(Source data)
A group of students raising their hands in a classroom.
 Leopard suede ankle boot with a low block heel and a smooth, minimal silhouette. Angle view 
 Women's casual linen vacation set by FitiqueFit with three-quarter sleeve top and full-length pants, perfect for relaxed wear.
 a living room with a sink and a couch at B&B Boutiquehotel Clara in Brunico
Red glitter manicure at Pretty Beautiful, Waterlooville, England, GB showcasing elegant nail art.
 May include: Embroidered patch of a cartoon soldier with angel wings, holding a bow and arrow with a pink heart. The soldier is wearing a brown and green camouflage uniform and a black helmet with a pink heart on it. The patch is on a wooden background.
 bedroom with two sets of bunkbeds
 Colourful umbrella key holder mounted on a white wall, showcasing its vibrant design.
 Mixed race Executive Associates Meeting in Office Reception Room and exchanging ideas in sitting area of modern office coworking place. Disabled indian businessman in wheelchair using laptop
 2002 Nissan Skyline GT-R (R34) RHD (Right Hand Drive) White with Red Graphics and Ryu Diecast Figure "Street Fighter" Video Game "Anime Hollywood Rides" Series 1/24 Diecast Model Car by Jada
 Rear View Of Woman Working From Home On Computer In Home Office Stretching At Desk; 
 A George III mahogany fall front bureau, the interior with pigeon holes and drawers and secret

### WHAT YOU ARE ASKED TO DO
The output should consist only of the lines from the one with "Rear View Of" through the final line of the records above, exactly.

### RESULT OF THIS TASK
 Rear View Of Woman Working From Home On Computer In Home Office Stretching At Desk; 
 A George III mahogany fall front bureau, the interior with pigeon holes and drawers and secret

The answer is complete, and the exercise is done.